Paman Jack yang sedari tadi berada di lantai bawah, menggenggam kedua tangannya dengan gelisah. Rasa kecemasan telah membungkus tubuh renta itu sejak suara bentakan terdengar dari lantai atas. Ia tahu sesuatu telah terjadi. Namun, rasa ketakutannya telah menahan langkahnya untuk tidak segera naik.

Tetapi ketika terdengar teriakan Christopher memanggil namanya menggema, jantung Paman Jack serasa tercekat.

Dengan napas tersengal, ia segera menaiki tangga. Dan ketika tiba di ambang pintu kamar, pandangannya seketika membeku.

Di hadapannya, Christopher berdiri tegap dengan menggenggam tongkat besi yang ada di tangan kanannya. Wajah pria itu tidak menampakkan emosi, namun sorot matanya begitu tajam dan dipenuhi oleh niat yang mengerikan.

"Tuan Chris?! Apa yang ingin Anda lakukan?!" seru Paman Jack terkejut.

Christopher tidak mengalihkan pandangannya dari piano itu.

"Tarik dia," ucapnya dingin dengan tegas dan memerintah. "Tahan dia untukku."

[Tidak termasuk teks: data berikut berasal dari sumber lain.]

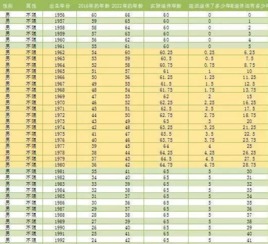 渐进式延迟退休年龄对股市是利空吗 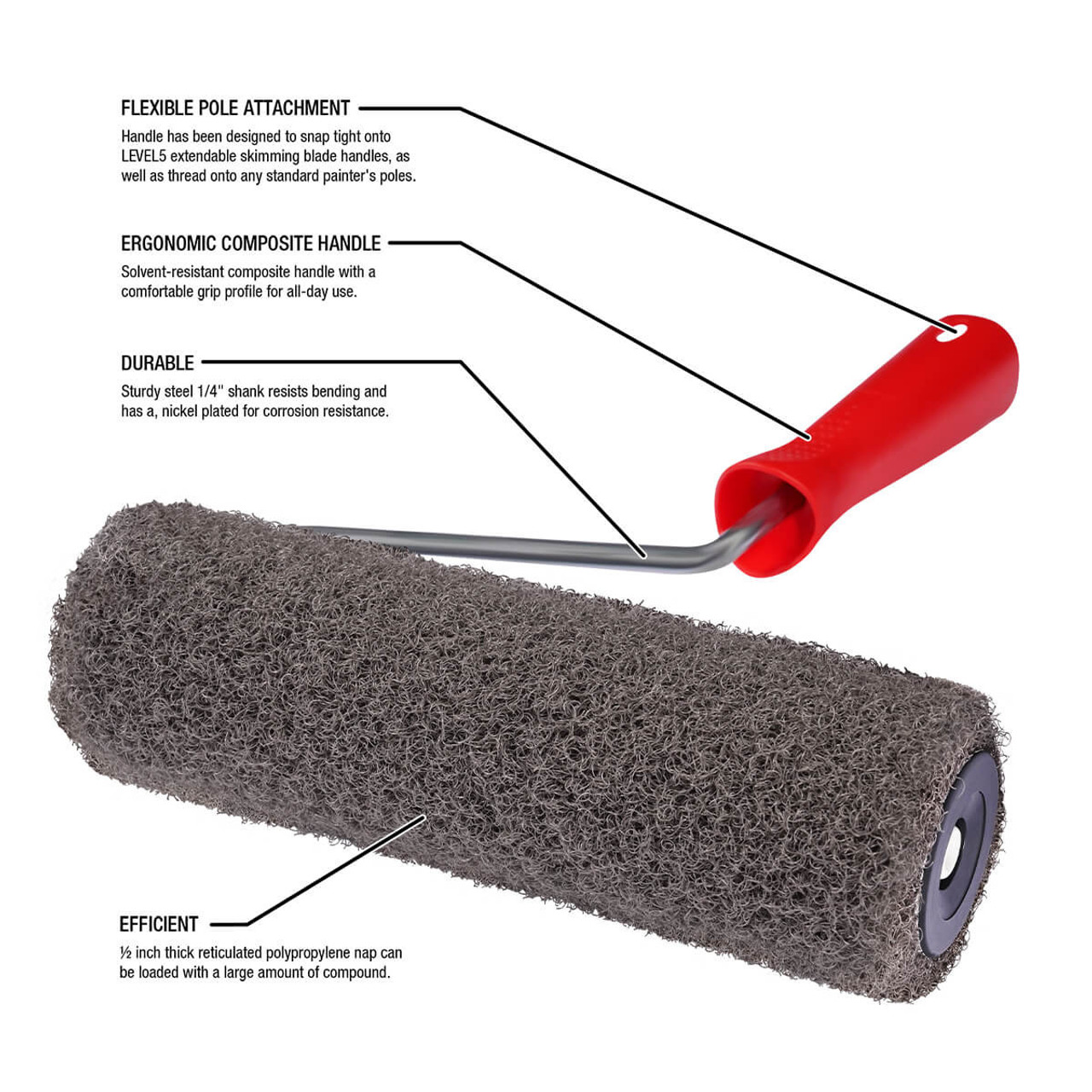 Joint Compound Roller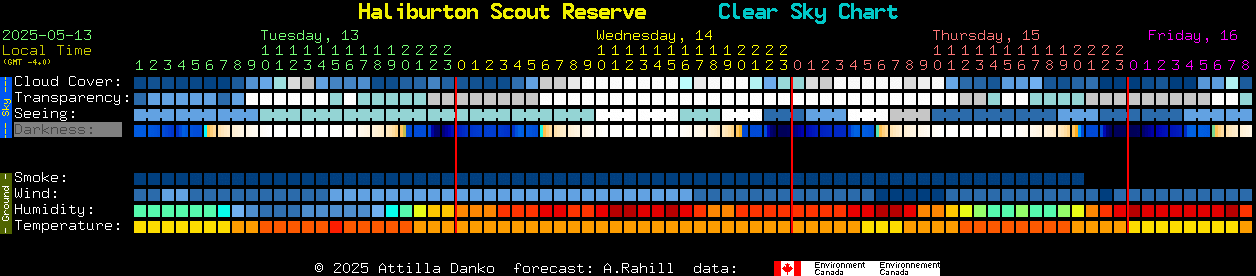 Current forecast for Haliburton Scout Reserve Clear Sky Chart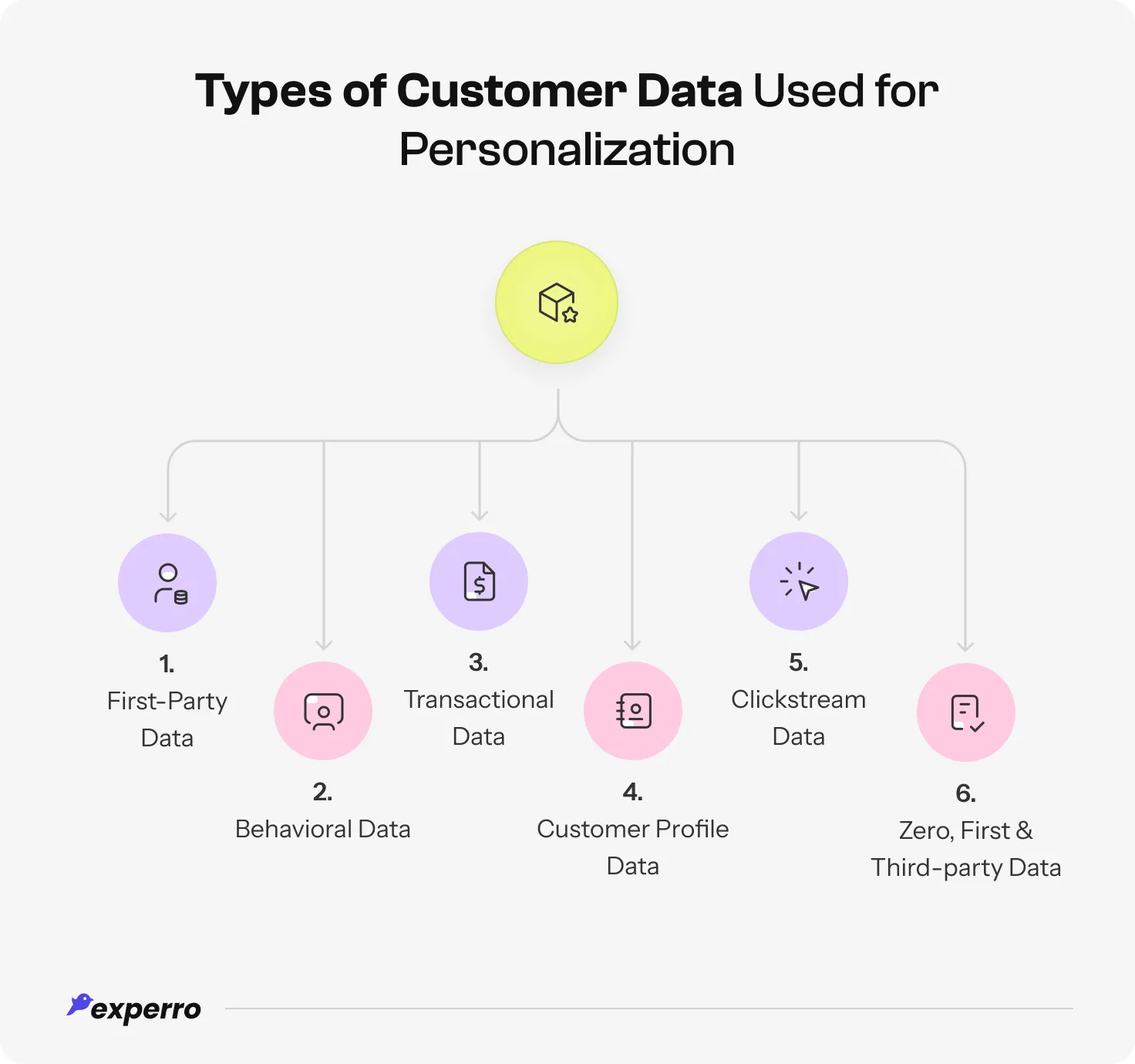 An infographic showing the types of Customer Data Used for Personalization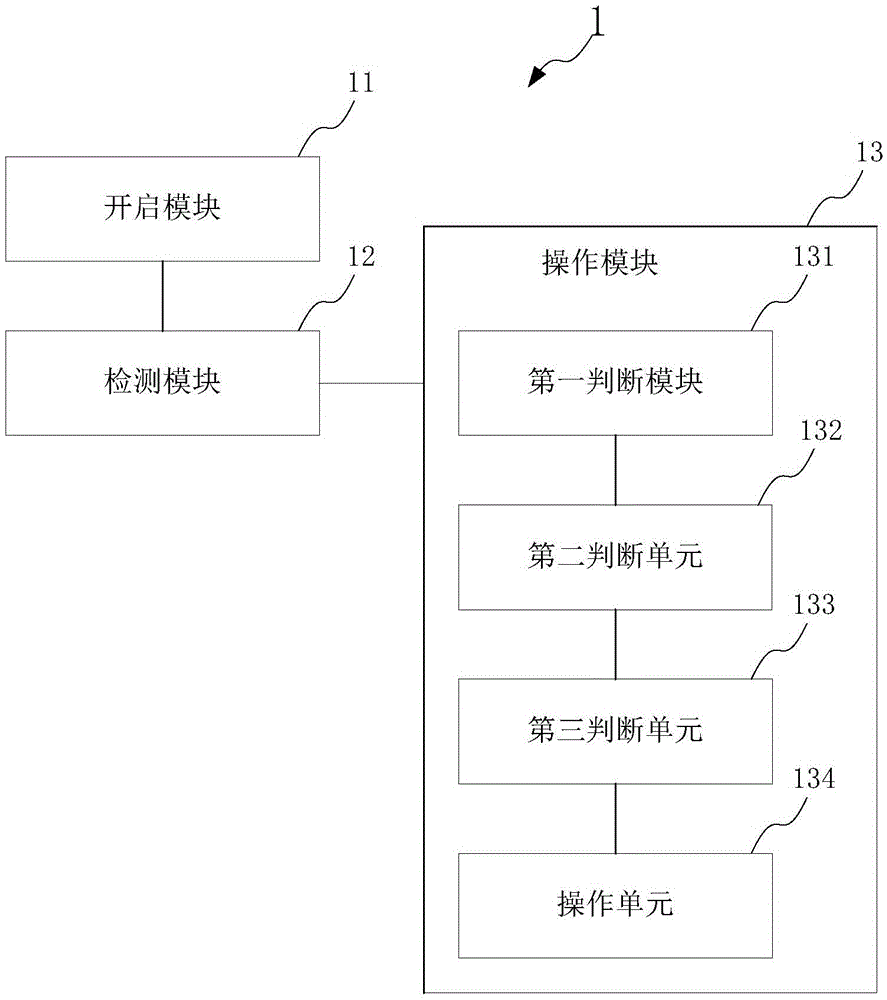 Mobile terminal and operation method for scroll bar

Paman Jack menoleh ke arah Mia. Gadis itu terlihat hancur, air matanya telah membasahi wajah gadis itu, bahkan terlihat tubuhnya masih gemetar, namun ia tetap berdiri melindungi piano itu dengan segala tenaga yang tersisa.

Pandangan Paman Jack melembut, ada rasa kasihan di sana. Tetapi sebelum ia sempat melangkah, tangan Christopher lebih dulu menjambak lengan Mia dengan kasar dan menarik tubuh mungil itu, lalu melemparkannya ke arah pria tua itu.

"Pegang dia baik-baik!!" bentak Christopher, suaranya keras dan menggema di dalam kamar.

Paman Jack terhuyung namun berhasil menangkap Mia yang kini mulai menjerit panik.

"Tidak... Tidak! Kak Chris, jangan!!" teriak Mia dengan putus asa.

Christopher telah membalikkan badan, lalu mengangkat tongkat besi itu tinggi-tinggi kemudian mengarahkannya langsung ke piano yang kini tak lagi dilindungi.

"TIDAK!!!" jerit Mia, histeris.

Dengan kekuatan terakhir yang tersisa, ia meronta dengan sekuat tenaga dari cengkeraman Paman Jack. Tubuhnya limbung, namun ia berhasil jatuh berlutut di lantai, lalu merangkak cepat dan memeluk kaki Christopher.

"Tolong... jangan... kumohon...!" isaknya pecah dipenuhi oleh kepanikan.

"Itu... satu-satunya yang ditinggalkan Ibu untukku..." bisiknya terisak. Tubuh Mia kini gemetar hebat. Ia mencengkeram kaki suaminya erat-erat.

"Kalau kau ingin menghancurkan sesuatu... hancurkan aku saja!" ucapnya, suaranya pecah oleh tangisan. "Pukul aku! Lukai aku! Tapi... tolong... jangan benda ini..."

Tangisnya menjadi lebih keras. Luka di hatinya tidak bisa lagi disembunyikannya, dan kini, ia sudah tidak lagi memikirkan rasa sakit fisiknya. Ia hanya ingin menyelamatkan satu-satunya kenangan yang ia miliki dari mendiang ibunya.

Christopher menunduk, menatap Mia yang terpuruk di kakinya. Akan tetapi, wajahnya begitu datar, tidak ada belas kasih pada Mia.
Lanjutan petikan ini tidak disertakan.